Washington is planning a new task force to improve its ability to fight terrorists online. Leading tech companies in Silicon Valley are also meeting with officials to discuss online counterterrorism strategies.
The Department of Homeland Security and the Department of Justice have announced plans to establish a new task force to "integrate and harmonize domestic [counterterrorism] efforts at home," Ned Price, the spokesman for the National Security Council, said in an official statement on Friday.
According to Price, the attacks in Paris in November and in San Bernardino, California last month "underscored the need for the United States and our partners in the international community and the private sector to deny violent extremists like [the so-called 'Islamic State'] fertile recruitment ground."
The task force, to be known as the "Global Engagement Center" would help the US "place an intensified focus on empowering and enabling the voices of international partners," Price added.
'Disrupting paths to violence'
The plans were announced as US security officials met with representatives of leading technology companies in Silicon Valley to discuss improved methods to thwart terrorists' activities on the Internet. Apple CEO Tim Cook and senior executives from Facebook, Google, Twitter, Microsoft, Yahoo and LinkedIn were expected to attend the meeting in San Jose.

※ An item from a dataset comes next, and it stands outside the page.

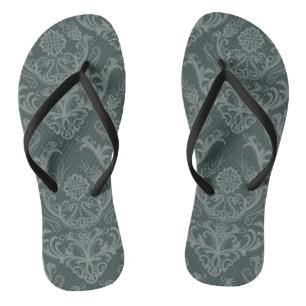 Luxury green floral damask wallpaper flip flops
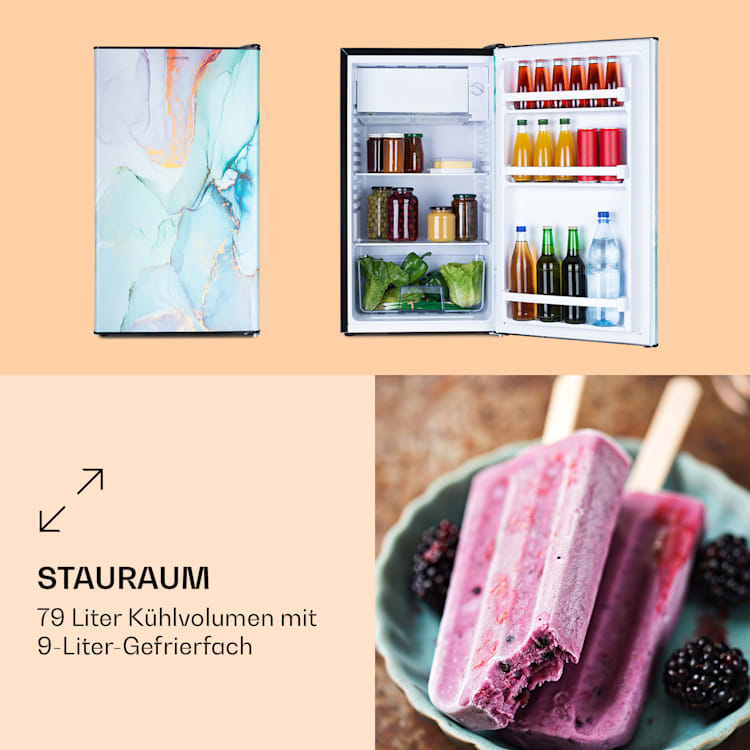 CoolArt 79L Kühl-Gefrier-Kombination EEK F Gefrierfach 9l Designtür Pastel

White House spokesman Josh Earnest said there were precedents for Silicon Valley's social media giants working with security officials, such as in the fight against child pornography.
Earnest said that talks would focus on the "Islamic State's" (IS) use of social media to "recruit, radicalize and mobilize" its followers. The executives would also discuss how technology could disrupt paths to violence and how they could create "alternative content" to undercut IS propaganda.